05 – Process Lifecycle

Overview

Sound Forge Alchemy is a single OTP application (SoundForge.Application) that starts a flat supervision tree using the :one_for_one strategy. Each child process is independent – if one crashes, only that process restarts, leaving the rest of the system operational. The application manages database connections, PubSub messaging, background job processing, telemetry collection, and HTTP serving.


Supervision Tree

flowchart TD
    SUP["SoundForge.Supervisor\n(:one_for_one)"]

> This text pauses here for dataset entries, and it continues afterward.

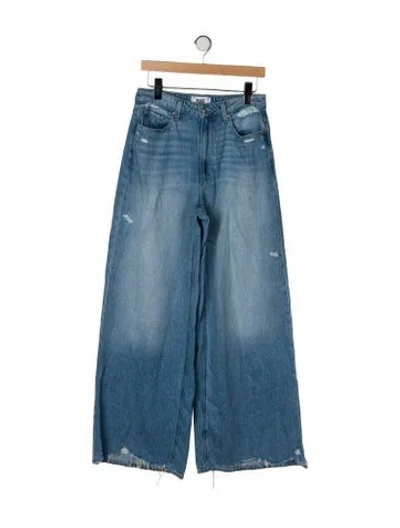 Pre-owned Paige Gamble High-rise Wide Leg Jeans In Blue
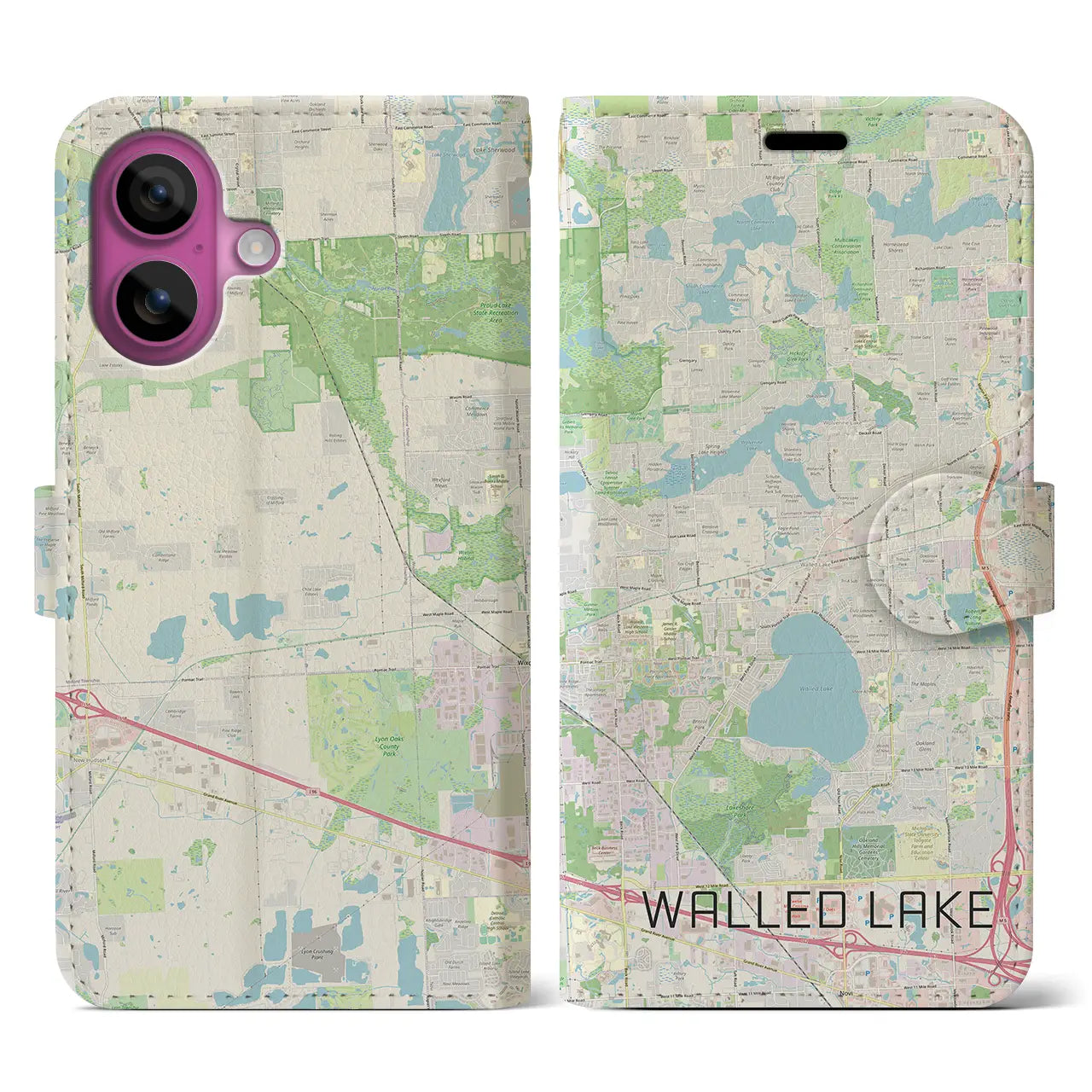 【ウォールドレイク(アメリカ)】地図柄iPhoneケース(手帳タイプ)ナチュラル・iPhone 16 Pro 用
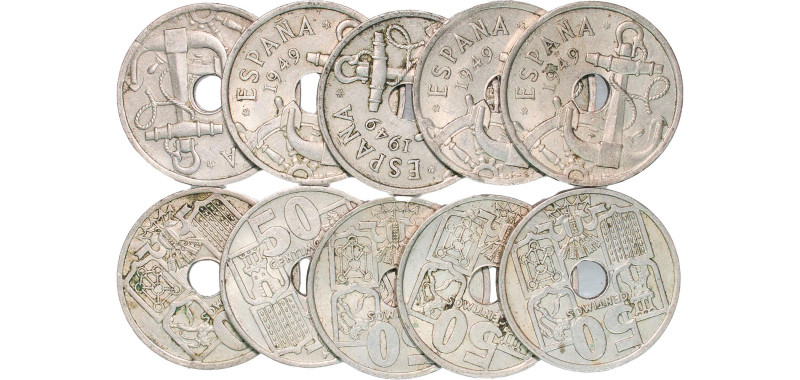 Spain Nationalist Government 1949 *19-51 50 Centimos (10 Lots, Inverted Arrows) ...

    SUP --> TEL["SoundForgeWeb.Telemetry\n(Supervisor)"]
    SUP --> REPO["SoundForge.Repo\n(Ecto/Postgrex connection pool)"]
    SUP --> DNS["DNSCluster\n(cluster discovery, :ignore in dev)"]
    SUP --> PS["Phoenix.PubSub\n(name: SoundForge.PubSub)"]
    SUP --> OBAN["Oban\n(background job processor)"]
    SUP --> EP["SoundForgeWeb.Endpoint\n(Bandit HTTP server)"]

    TEL --> TP[":telemetry_poller\n(periodic VM/app measurements every 10s)"]

    PS --> PG["PG adapter for distributed pub/sub"]

    OBAN --> ON["Oban.Notifier\n(PostgreSQL LISTEN/NOTIFY)"]
    OBAN --> OP["Oban.Peer\n(leadership election)"]
    OBAN --> OQD["Oban.Queue.Download\n(concurrency: 3)"]
    OBAN --> OQP["Oban.Queue.Processing\n(concurrency: 2)"]
    OBAN --> OQA["Oban.Queue.Analysis\n(concurrency: 2)"]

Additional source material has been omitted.